Many – in fact, most – of our Small Business Forums focus on traditional business subjects such as marketing, branding, social media, and finance. Once in a while, though, we like to mix things up and offer valuable but less traditional learning experiences. To help local business and nonprofit leaders learn how to better manage stressful situations, we invited mindfulness expert Alfred Ricci, MBA to present at the first Small Business Forum of the new decade: Improving Customer Service Through Mindfulness & Resilience. Ricci guided attendees through a series of exercises during which they practiced new strategies to let go of stress and negativity.

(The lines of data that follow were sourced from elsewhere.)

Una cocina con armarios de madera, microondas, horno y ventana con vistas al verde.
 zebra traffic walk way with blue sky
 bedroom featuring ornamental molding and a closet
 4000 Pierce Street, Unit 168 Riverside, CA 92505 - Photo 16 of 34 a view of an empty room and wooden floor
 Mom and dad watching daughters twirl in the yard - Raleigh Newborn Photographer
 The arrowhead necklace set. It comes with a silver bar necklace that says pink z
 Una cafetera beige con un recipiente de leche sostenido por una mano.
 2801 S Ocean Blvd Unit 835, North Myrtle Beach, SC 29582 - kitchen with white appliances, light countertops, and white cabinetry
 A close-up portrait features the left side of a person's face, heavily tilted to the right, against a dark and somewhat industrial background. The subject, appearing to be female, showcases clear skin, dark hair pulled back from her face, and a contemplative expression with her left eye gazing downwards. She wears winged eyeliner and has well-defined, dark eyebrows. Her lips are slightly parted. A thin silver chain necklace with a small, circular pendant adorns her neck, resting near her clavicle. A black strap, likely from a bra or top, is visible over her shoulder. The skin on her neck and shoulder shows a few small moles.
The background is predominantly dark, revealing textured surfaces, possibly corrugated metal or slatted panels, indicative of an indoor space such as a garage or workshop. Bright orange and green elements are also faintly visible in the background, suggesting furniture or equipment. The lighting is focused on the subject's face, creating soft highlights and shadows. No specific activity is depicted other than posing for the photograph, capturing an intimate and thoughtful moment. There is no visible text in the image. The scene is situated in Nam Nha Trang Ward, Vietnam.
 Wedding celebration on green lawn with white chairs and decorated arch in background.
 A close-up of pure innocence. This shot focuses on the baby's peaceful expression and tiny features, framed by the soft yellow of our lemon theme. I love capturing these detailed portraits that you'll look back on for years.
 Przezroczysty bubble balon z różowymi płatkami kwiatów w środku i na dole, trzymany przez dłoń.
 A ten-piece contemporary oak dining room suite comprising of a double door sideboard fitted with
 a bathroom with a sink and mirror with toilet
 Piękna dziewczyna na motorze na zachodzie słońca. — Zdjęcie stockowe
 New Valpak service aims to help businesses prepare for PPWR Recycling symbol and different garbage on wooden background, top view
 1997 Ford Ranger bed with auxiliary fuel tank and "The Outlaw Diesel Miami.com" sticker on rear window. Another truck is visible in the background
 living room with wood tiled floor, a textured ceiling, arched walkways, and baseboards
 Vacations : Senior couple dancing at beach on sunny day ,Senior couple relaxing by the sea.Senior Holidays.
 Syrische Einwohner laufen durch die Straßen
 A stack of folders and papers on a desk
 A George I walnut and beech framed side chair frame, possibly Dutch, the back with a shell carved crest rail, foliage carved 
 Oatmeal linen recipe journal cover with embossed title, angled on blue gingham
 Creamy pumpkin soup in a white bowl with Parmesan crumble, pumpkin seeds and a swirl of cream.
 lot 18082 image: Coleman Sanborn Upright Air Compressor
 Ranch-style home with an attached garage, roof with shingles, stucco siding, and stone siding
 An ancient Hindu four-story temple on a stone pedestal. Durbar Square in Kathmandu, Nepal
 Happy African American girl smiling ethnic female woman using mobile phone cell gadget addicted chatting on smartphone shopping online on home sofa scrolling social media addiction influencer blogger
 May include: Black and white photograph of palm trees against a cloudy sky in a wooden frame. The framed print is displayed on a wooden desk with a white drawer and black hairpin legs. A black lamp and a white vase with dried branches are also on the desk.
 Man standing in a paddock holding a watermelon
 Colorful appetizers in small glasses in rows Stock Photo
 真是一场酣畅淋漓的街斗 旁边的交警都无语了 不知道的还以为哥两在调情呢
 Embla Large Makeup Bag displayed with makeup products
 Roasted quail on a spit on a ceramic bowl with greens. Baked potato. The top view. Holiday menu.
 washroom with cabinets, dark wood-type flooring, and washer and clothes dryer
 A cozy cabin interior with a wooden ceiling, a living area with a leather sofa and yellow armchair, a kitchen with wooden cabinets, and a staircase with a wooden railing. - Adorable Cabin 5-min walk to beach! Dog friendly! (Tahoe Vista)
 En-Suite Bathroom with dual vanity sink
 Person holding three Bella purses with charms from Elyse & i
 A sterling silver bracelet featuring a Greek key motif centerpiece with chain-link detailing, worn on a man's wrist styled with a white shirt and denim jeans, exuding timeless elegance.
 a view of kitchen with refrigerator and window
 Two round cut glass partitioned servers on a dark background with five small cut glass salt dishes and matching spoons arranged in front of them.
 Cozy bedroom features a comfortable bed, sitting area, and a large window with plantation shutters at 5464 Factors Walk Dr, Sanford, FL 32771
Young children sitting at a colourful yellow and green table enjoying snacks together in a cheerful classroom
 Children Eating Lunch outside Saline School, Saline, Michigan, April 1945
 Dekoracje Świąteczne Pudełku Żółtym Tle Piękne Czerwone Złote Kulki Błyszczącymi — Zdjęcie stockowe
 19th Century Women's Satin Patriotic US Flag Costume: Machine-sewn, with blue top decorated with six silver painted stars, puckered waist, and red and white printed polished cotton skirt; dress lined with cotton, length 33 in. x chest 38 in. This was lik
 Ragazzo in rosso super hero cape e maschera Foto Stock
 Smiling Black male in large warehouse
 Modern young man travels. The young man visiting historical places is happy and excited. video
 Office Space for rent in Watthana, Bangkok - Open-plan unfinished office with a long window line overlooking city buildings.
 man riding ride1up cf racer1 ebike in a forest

Challenges can enter the workday in many different ways. Maybe you have a coworker who is consistently inconsiderate. Perhaps you work in a high-stress job with little time to decompress. Even if you love your job, you will occasionally encounter difficult people or tough situations. The good news is that simple mindfulness and resilience techniques can help you remain calm and regain focus. The even better news is that you can learn how to bring mindfulness and resilience into your daily life. Once you learn how to react to daily challenges, you’ll allow yourself to be more caring and compassionate with your coworkers, employees, and customers.
Mindfulness: easier said than done?
Those who study leadership know that “authentic” is a term that comes up frequently. But being authentic is important for everyone in an organization, not just those at the top. And practicing mindfulness can free you up to be authentic and attentive to those around you. While it may sound like being mindful requires a lot of effort, Ricci shared that mindfulness is really just a way to recognize and check in with your feelings. In fact, practicing habitual mindfulness actually frees you up, allowing you to choose a calm and peaceful state of mind. When you’re calm and peaceful, Ricci says, being authentic with your customers almost becomes effortless.
But, I don’t deal with customers.
Yes, you do. Although they might not all fit the traditional image of a customer, everyone you deal with is in some way your customer. Your internal customers include staff, vendors, other departments in your company, and numerous other stakeholders. While you aren’t selling products to them, you still provide them with service. Coworkers spend a great deal of time together, so life is much more pleasant when internal customers are treated with the same level of service as external customers.
Practicing mindfulness at work
While mastery of mindfulness can take time, training, and practice, there are a few things you can do right now to let go of your challenges and embrace authenticity.
- Take a walk.
- Take a breath.
- Listen with the intent of understanding.
- Shift negative language (“We can’t…”) to positive language (“What if we could…”).
Remember that your state of mind impacts every one of your interpersonal connections, and that being mindful doesn’t require a great deal of effort. What it does require is a bit of your attention.